Max Scheuer

Personal information
- Date of birth: 9 September 1895
- Place of birth: Austria-Hungary
- Date of death: post August 1941
- Place of death: Auschwitz, German-occupied Poland
- Position: Defender

International career
- Years: Team / Apps / (Gls)
- 1923: Austria / 1 / (0)

= Max Scheuer =

Austrian footballer

Max Scheuer (9 September 1895 – post August 1941) was an Austrian international footballer who played the defender position. He played for the Austria national football team in the 1923 season. In the 1920s, he played for and captained Hakoah Vienna. He was murdered in the Auschwitz concentration camp at some point after August 1941.

==Biography==
Scheuer was born in Austria, and was Jewish.

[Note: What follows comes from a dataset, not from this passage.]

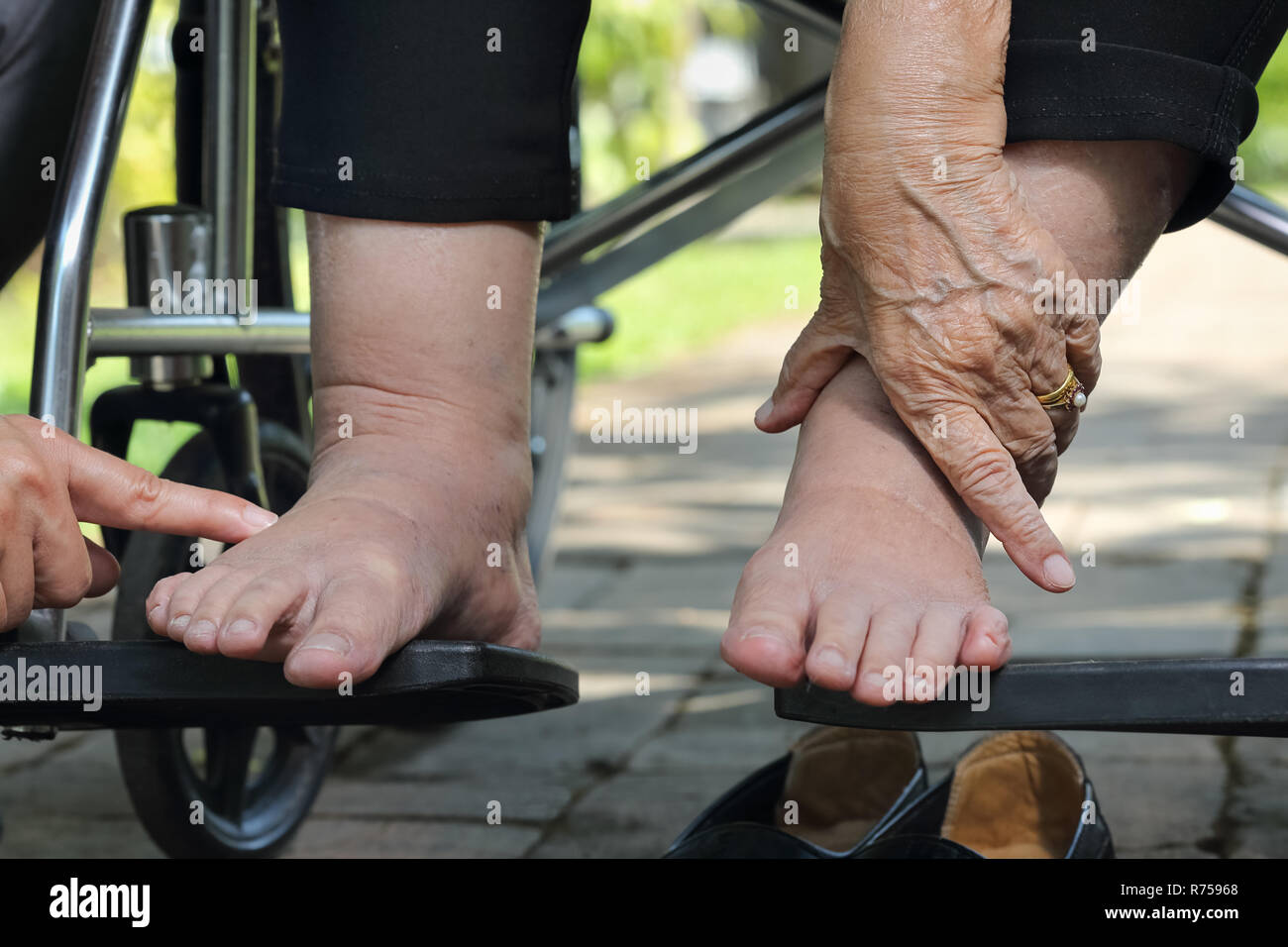 Elderly woman swollen feet press test on wheelchair Stock Photo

Scheuer was in the starting lineup and played as a defender for the Austria national football team against the Hungary national football team in a FIFA match in the 1923 season.

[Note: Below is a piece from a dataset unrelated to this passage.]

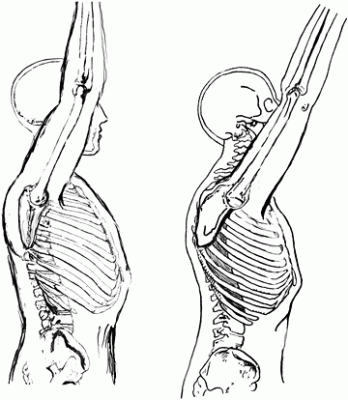 figure-1.gif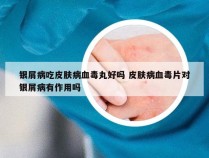 银屑病吃皮肤病血毒丸好吗 皮肤病血毒片对银屑病有作用吗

In the 1920s Scheuer played for and captained Hakoah Vienna, an all-Jewish club. With the team he won the Austrian championship in the 1924–25 Austrian First League season, the first professional Austrian football title.

In 1927, he and the team came to the United States to play the Bethlehem Steel Football Club in Bethlehem, Pennsylvania, the defending U.S. champion and 1926-27 champion of the American Soccer League. He fled Austria to France, and played briefly for Olympique Marseille.

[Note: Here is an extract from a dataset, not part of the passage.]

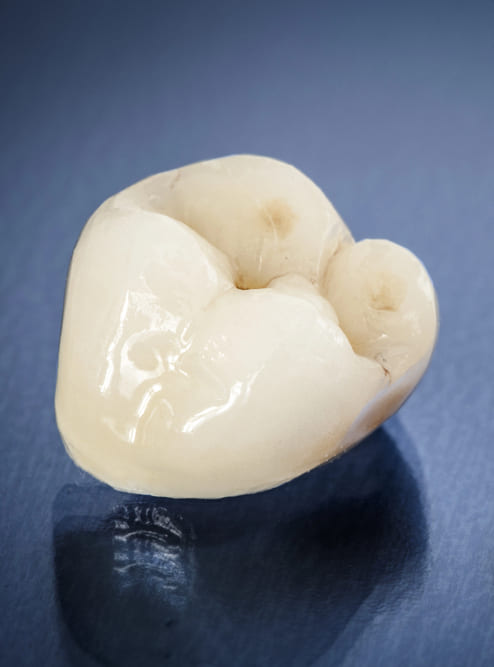Dental Crowns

He was captured by the Nazis while he was in France, on his way to neutral Switzerland. Aged 45, Scheuer was sent to Drancy internment camp in France, and then to Auschwitz concentration camp, where he was killed in the early 1940s.

Scheuer was one of at least seven Hakoah footballers killed in the Holocaust. Others were Josef Kolisch, Ali Schönfeld, Oskar Grasgrün, Ernst Horowitz, and the brothers Erwin Pollak and Oskar Pollak.